One small thing also, I checked my results with all NY state and my sub sample, the standard errors in estimations do not change much. Which I believe is a good sign to have same results for 10K sub-sample vs 3 million NY state sample
However when I use the summary as below
ststo clear
svyset[pweight=perwt], vce(brr) brrweight(repwtp1-repwtp80) fay(.5)mse
eststo est1: svy, subpop(mysubgroup): mean d_emp
estat sd
means are same even in NY state sample or NYC sample, but standard deviations are smaller in NY state population sample. Is this unusal in IPUMS, because I thought using wider population may increase the standard deviations, do not increase them.
In your application, all cases would be person records in the 2005-2017 ACS samples. Because the data are representative at the state-level and because stratification and weights are post-stratified at the county-level, I think you could subset to those geographic units. However, I would run analyses using all three and compare results. I would not expect your means or point estimates to change, but you may get different standard errors–when you drop cases the sample design information in their replicate weight values which are used to estimate standard errors cannot be used.

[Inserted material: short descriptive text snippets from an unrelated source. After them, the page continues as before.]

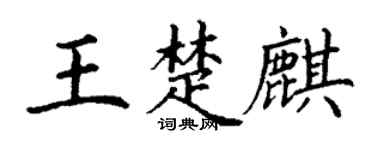 丁谦王楚麒楷书个性签名怎么写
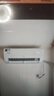 海爾（Haier）凈省電除甲醛白1.5匹省電節能 健康風(fēng)空調掛機 KFR-35GW/C3LGA81U1(白) 家電國家補貼20%以舊換新 曬單實(shí)拍圖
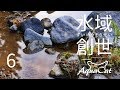 修正完了。それでも下がり続ける水位？　水域創世 6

My expertise is in IPUMS data and I am not in a position to provide further comment on your questions about expected changes to standard deviations depending on sample size. We leave it up to each individual researcher to interpret differences in approaches based on their application and norms in their field; I hope the resources I shared in my previous post are helpful as you look into replicate weights further. You may also be interested in this paper on replicate weights from the Stata Journal as well, which explicitly covers replicate weights with subpopulations.